**Problem requirements**
Taking the data below, please print only the lines from the line holding "Mercedes-Benz S 560" to the line holding "USB-RS-232 – actual item, photo 3 of 7", inclusive, with pictures omitted.

**Exercise materials**
Content starts

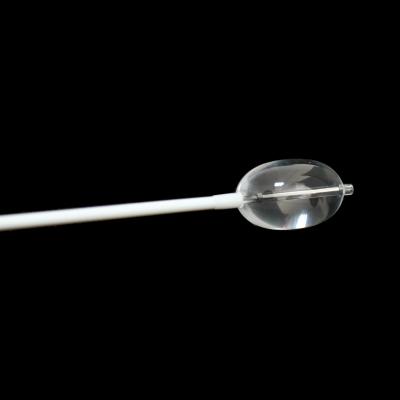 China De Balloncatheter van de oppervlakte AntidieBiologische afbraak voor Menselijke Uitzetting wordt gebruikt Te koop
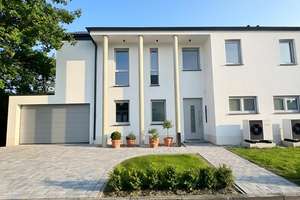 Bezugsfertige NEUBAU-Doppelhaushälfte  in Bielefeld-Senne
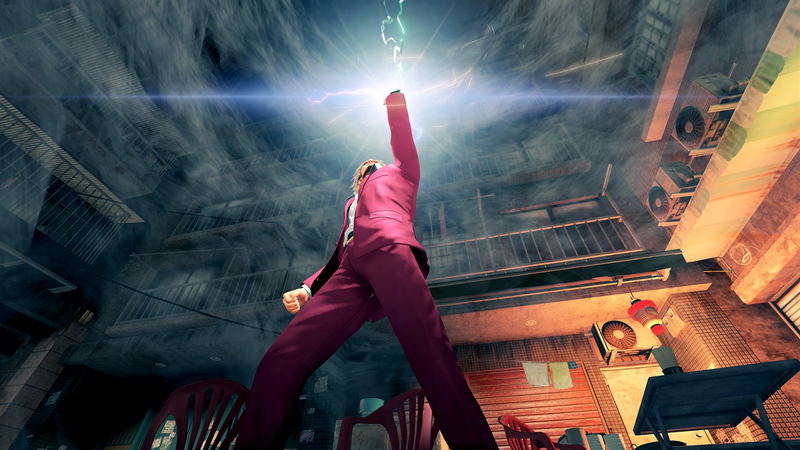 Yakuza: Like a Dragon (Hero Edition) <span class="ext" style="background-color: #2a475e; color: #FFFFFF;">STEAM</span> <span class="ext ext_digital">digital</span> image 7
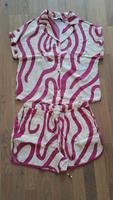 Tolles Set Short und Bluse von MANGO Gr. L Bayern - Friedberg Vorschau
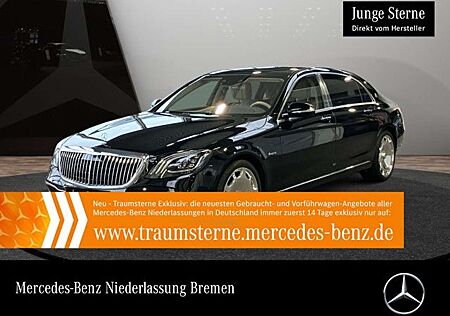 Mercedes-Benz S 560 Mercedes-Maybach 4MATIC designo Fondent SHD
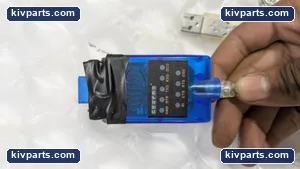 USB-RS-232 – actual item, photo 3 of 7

Content ends
Content starts

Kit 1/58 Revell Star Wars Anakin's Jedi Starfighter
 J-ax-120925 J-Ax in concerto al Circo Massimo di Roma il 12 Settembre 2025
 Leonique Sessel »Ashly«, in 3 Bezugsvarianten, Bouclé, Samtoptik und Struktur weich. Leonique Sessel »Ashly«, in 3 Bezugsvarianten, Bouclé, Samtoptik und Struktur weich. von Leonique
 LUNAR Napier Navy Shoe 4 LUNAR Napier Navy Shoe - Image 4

Content ends

**Response to the task**
 Mercedes-Benz S 560 Mercedes-Maybach 4MATIC designo Fondent SHD
 USB-RS-232 – actual item, photo 3 of 7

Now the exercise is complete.